> Exercise materials
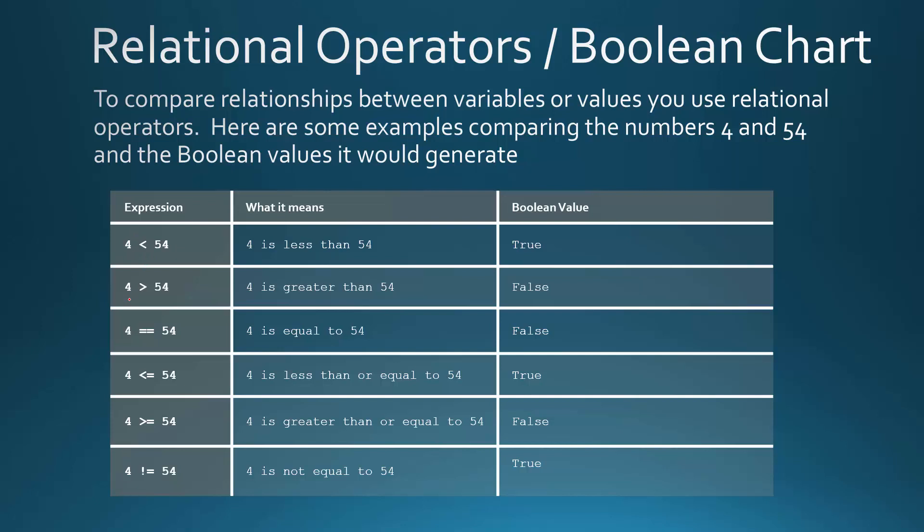Now this next one, 4 is greater than 54. That's not true, right? So that would return a false. If you want to check if something's equal, you use actually two equal signs. A single equal sign is the assignment operator. So you use that for variables to assign a value. So in this case, if you ever want to check to see if a number is equal to something else, use the two equal signs. So is 4 equal to 54? No, it's not. So it would return a false.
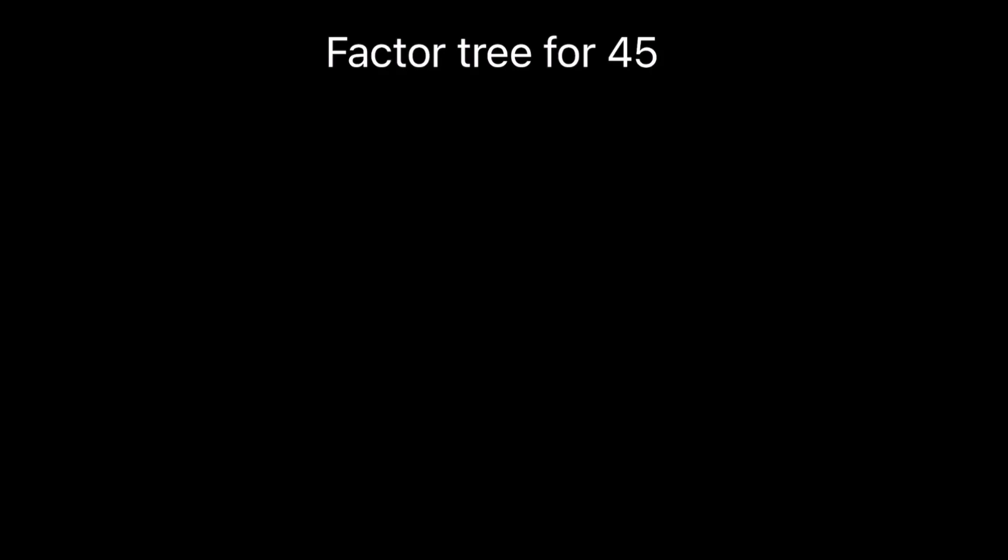Hello students, in this video we are going to learn how to draw a factor tree for number 45. Factor tree is the representation of factors of a number in different forms. We can make more than one factor tree for the same number.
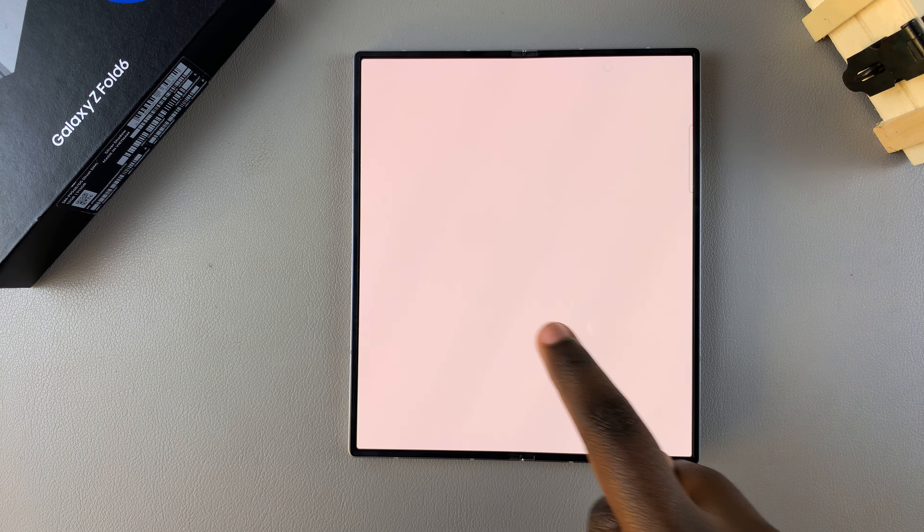You'll now notice that the lock screen shortcuts have changed and have been applied to both sides. When you unfold your phone and access the lock screen, you should see that the shortcuts have also been changed there.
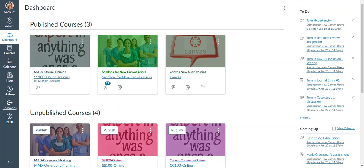In this short video, we are introducing you to your new online learning platform called Canvas. You will access Canvas through the student portal at my.brooklinecollege.edu.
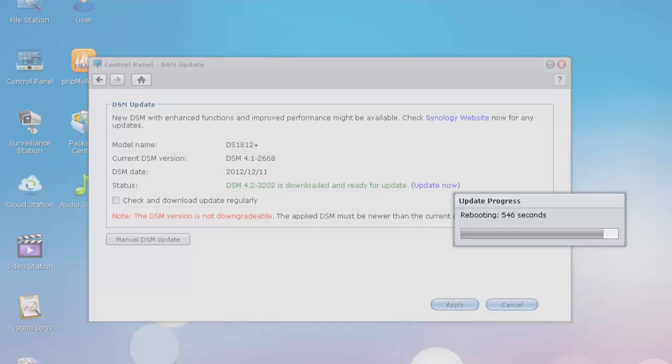Oh, and then they've done some security enhancements. They have a two-step verification and account activity. It says it adds an extra layer of security to your disk station manager account.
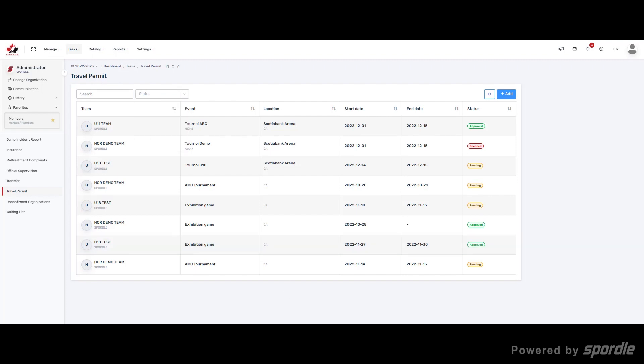From the display, you will see the team that submitted the permit, the event name and location, as well as the start and end date and the status of the permit.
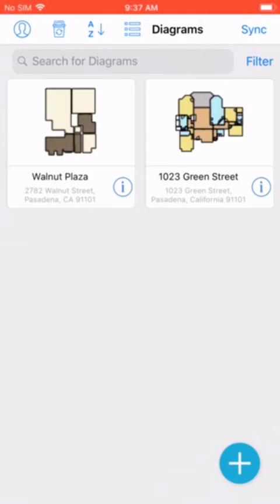In the upper right we have the sync icon. Sync is very important. This will enable you to back up your diagrams to the MeasureSquare cloud where you can easily share, sync, and download to a new device.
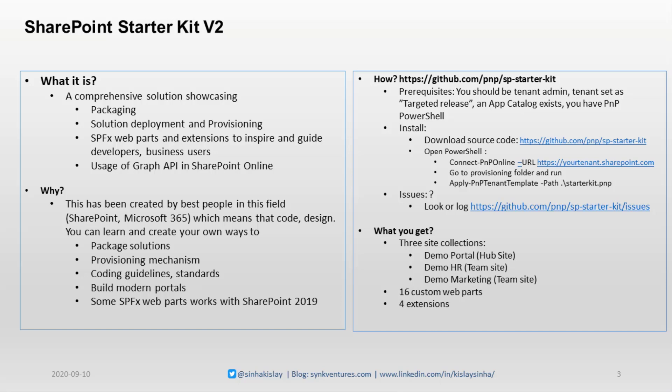How to do it? You need some prerequisites. You need to be a tenant admin and set your tenant as a target release. App catalogs should exist and you should have PnP PowerShell installed. You must download the source code or get it from GitHub through sync.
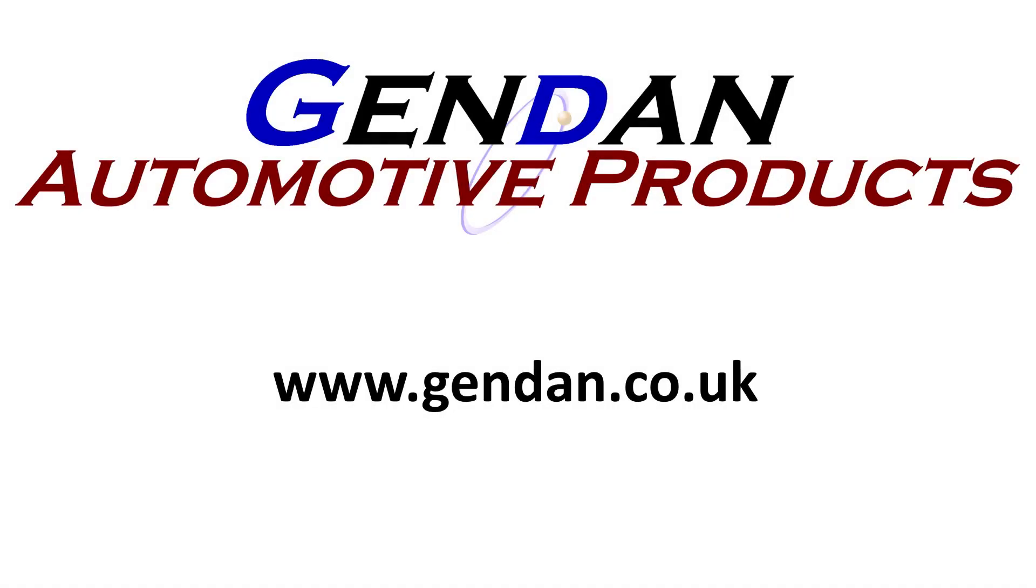OK, well, thanks very much for looking at the video. And if you've got any questions on the GT90 or other diagnostic products, please give us a shout at gendan.co.uk.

> Your objective
Would you set down only the lines above from the line with "You'll now notice" to the line with "In this short", both included, exactly as they stand and without the pictures?

> Exercise answer
You'll now notice that the lock screen shortcuts have changed and have been applied to both sides. When you unfold your phone and access the lock screen, you should see that the shortcuts have also been changed there.
In this short video, we are introducing you to your new online learning platform called Canvas. You will access Canvas through the student portal at my.brooklinecollege.edu.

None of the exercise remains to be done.